● Task to complete
Using the entries that follow, write out the line containing "16 Overlook Drive Waterford CT 06385", the line containing "New 2026 Ford F-250 LARIAT Truck Crew Cab", and every line between them, exactly and nothing else.

##### Source data #####

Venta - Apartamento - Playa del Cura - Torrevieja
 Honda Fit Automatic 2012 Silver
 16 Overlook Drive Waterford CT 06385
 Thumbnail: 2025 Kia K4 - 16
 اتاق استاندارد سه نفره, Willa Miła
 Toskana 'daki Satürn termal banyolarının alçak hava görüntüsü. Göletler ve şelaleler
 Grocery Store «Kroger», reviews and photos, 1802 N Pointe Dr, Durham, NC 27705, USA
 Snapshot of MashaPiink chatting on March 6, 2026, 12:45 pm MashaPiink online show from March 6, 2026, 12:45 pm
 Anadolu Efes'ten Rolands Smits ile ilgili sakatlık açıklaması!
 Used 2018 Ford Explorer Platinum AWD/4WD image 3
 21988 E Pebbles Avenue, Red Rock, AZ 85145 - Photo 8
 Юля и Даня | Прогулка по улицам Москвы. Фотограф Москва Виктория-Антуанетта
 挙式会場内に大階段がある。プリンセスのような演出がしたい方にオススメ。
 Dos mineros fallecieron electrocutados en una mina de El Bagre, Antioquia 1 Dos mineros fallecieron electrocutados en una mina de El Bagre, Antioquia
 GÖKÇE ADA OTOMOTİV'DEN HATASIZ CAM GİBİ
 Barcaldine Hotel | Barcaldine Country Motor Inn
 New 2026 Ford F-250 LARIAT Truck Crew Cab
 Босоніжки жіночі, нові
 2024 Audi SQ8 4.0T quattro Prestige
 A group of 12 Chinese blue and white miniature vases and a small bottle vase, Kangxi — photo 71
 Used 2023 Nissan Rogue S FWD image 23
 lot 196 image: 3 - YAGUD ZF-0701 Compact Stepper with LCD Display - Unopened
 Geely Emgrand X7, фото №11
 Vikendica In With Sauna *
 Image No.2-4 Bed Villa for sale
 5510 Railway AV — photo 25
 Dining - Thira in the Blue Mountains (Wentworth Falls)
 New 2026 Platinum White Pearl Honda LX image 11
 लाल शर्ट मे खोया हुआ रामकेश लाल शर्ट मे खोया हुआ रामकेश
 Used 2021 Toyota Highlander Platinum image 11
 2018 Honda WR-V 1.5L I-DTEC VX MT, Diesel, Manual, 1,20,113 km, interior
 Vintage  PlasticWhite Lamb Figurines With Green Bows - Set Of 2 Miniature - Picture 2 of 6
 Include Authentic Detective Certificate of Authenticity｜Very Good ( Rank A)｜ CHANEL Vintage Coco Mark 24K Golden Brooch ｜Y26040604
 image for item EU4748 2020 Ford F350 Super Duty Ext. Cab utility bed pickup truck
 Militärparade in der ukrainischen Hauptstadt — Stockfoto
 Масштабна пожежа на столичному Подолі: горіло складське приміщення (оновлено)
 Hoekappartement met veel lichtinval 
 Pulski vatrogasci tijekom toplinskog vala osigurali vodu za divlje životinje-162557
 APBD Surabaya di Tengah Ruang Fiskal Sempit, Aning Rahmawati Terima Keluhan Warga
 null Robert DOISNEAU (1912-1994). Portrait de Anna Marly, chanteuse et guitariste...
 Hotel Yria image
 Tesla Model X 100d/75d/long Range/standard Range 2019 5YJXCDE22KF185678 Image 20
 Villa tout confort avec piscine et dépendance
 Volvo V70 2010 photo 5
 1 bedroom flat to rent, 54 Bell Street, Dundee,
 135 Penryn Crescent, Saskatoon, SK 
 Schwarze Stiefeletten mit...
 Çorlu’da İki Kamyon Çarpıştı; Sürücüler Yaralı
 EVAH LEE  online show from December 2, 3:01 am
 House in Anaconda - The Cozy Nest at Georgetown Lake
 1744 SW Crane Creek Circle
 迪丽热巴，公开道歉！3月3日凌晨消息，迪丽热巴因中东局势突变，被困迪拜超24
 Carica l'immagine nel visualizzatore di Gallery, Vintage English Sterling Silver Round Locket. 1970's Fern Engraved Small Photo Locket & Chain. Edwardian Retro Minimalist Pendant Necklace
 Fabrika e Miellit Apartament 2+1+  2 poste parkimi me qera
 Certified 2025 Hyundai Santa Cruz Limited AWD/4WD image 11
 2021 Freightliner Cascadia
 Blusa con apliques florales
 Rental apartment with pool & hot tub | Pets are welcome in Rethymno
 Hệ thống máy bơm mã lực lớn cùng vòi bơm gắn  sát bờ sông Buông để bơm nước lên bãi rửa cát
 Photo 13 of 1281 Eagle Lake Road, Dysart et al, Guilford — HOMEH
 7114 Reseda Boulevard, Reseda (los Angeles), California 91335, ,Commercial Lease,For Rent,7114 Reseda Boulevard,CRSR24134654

#####

● Answer for the task
 16 Overlook Drive Waterford CT 06385
 Thumbnail: 2025 Kia K4 - 16
 اتاق استاندارد سه نفره, Willa Miła
 Toskana 'daki Satürn termal banyolarının alçak hava görüntüsü. Göletler ve şelaleler
 Grocery Store «Kroger», reviews and photos, 1802 N Pointe Dr, Durham, NC 27705, USA
 Snapshot of MashaPiink chatting on March 6, 2026, 12:45 pm MashaPiink online show from March 6, 2026, 12:45 pm
 Anadolu Efes'ten Rolands Smits ile ilgili sakatlık açıklaması!
 Used 2018 Ford Explorer Platinum AWD/4WD image 3
 21988 E Pebbles Avenue, Red Rock, AZ 85145 - Photo 8
 Юля и Даня | Прогулка по улицам Москвы. Фотограф Москва Виктория-Антуанетта
 挙式会場内に大階段がある。プリンセスのような演出がしたい方にオススメ。
 Dos mineros fallecieron electrocutados en una mina de El Bagre, Antioquia 1 Dos mineros fallecieron electrocutados en una mina de El Bagre, Antioquia
 GÖKÇE ADA OTOMOTİV'DEN HATASIZ CAM GİBİ
 Barcaldine Hotel | Barcaldine Country Motor Inn
 New 2026 Ford F-250 LARIAT Truck Crew Cab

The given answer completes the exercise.